Exercise prompt |
For each entry, return the text exactly and omit any image.

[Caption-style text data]
-----
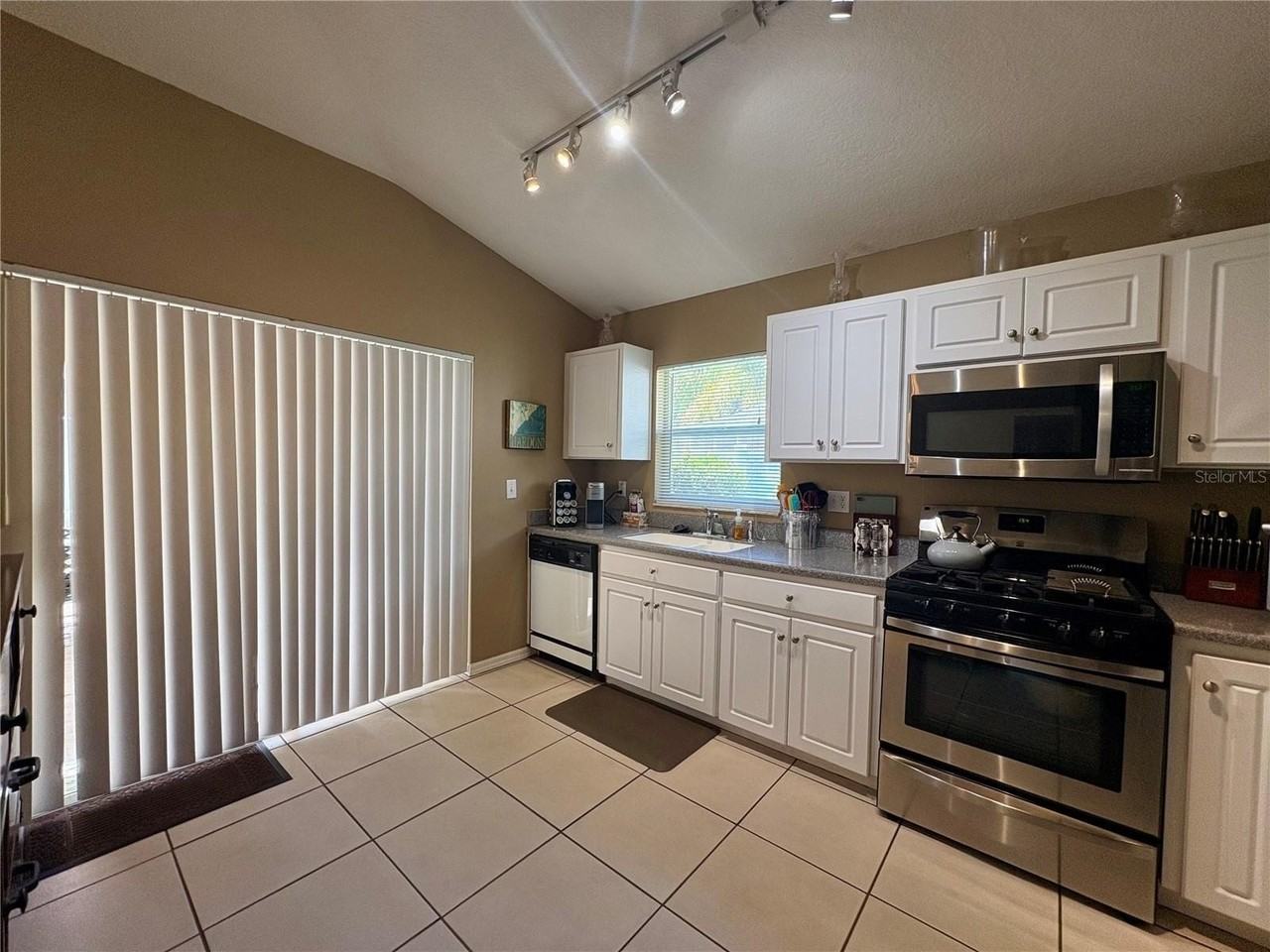 17744 Esprit Dr - Photo 5 of 26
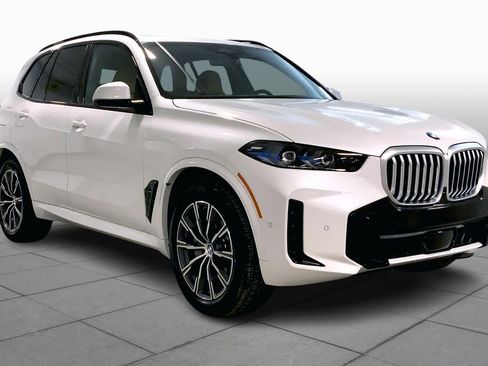 New 2026 BMW X5 xDrive40i w/ M Sport Package image 2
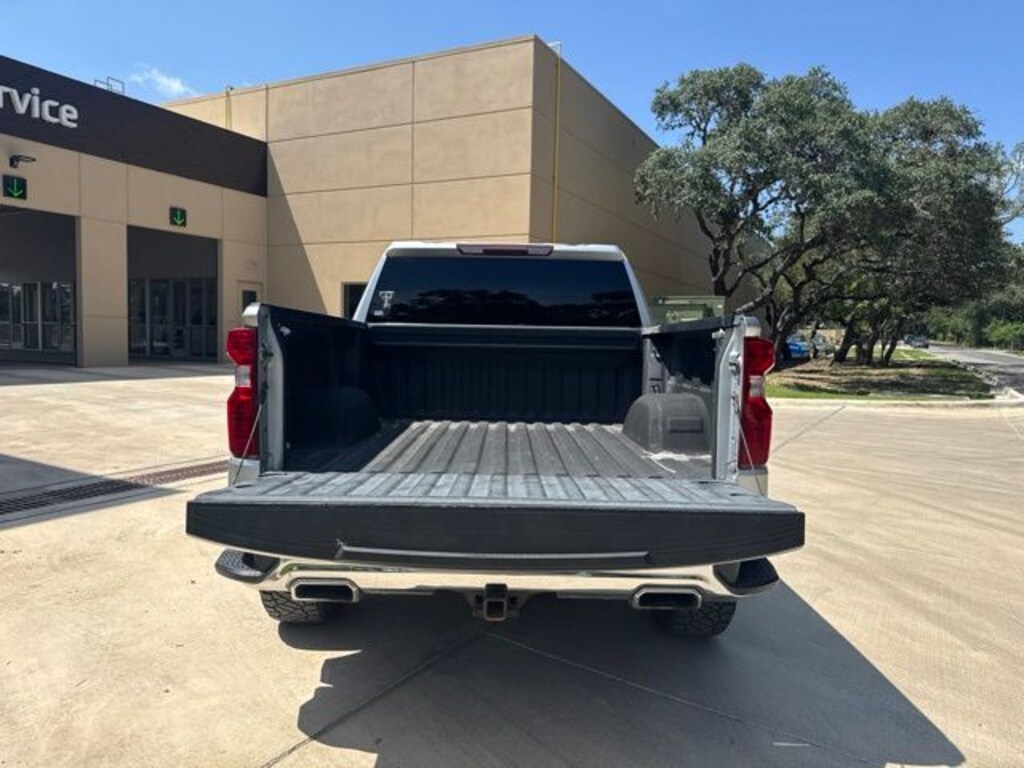 Used 2020 Chevrolet Silverado 1500 LT Truck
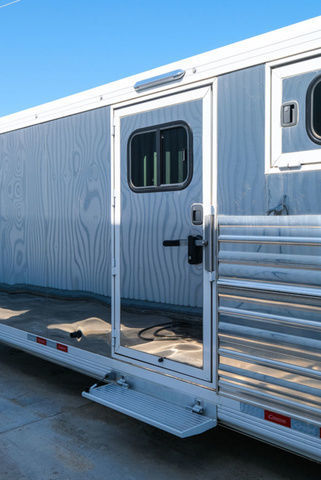 Trailer Photo 8
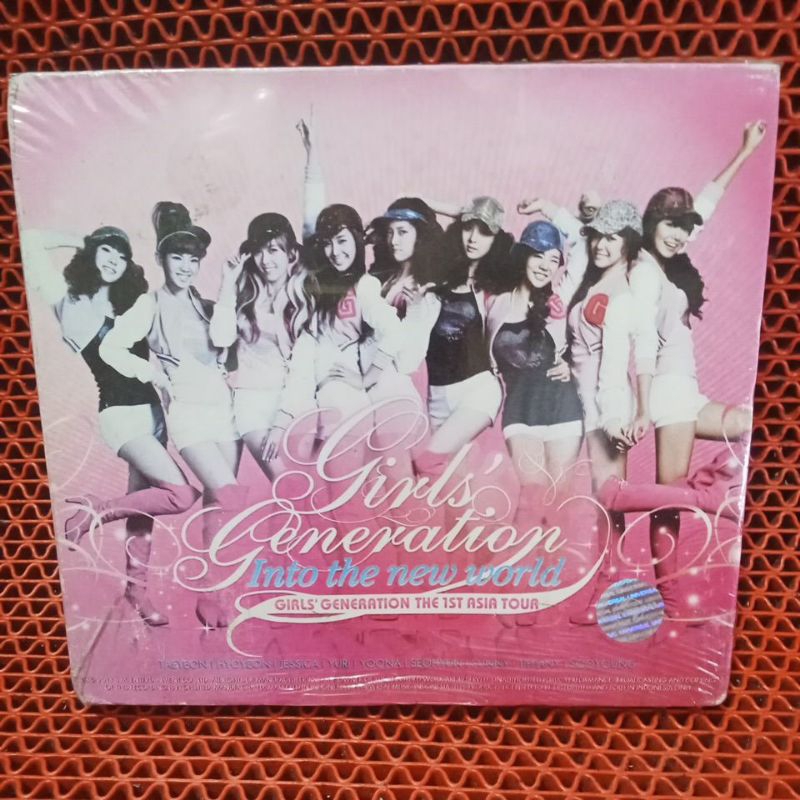 CD GIRLS GENERATION into the new world 100% ORIGINAL 2 CD.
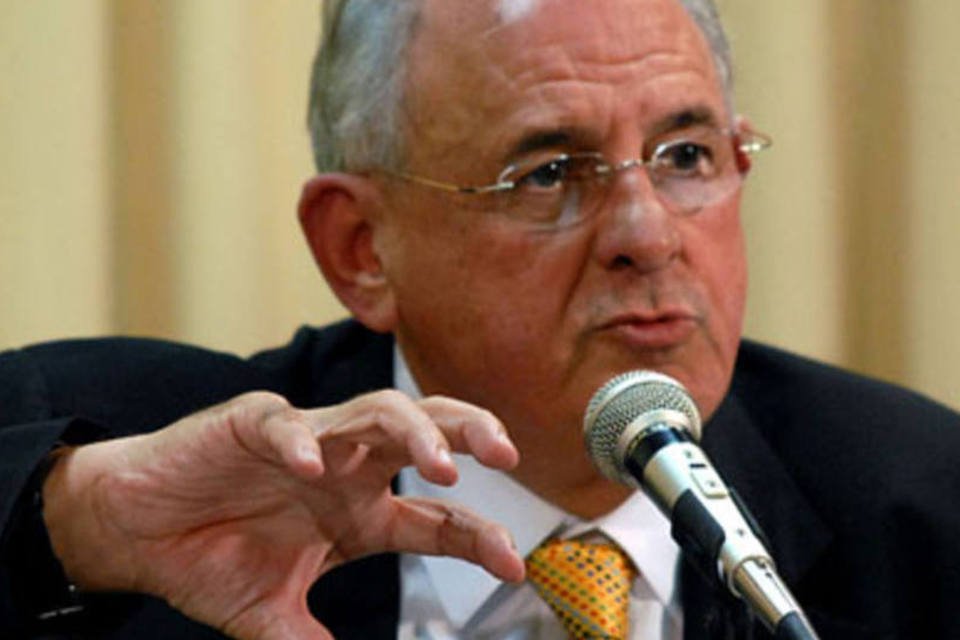 Governo espanhol autoriza acordo com Brasil em Defesa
-----
Output of the task |
 17744 Esprit Dr - Photo 5 of 26
 New 2026 BMW X5 xDrive40i w/ M Sport Package image 2
 Used 2020 Chevrolet Silverado 1500 LT Truck
 Trailer Photo 8
 CD GIRLS GENERATION into the new world 100% ORIGINAL 2 CD.
 Governo espanhol autoriza acordo com Brasil em Defesa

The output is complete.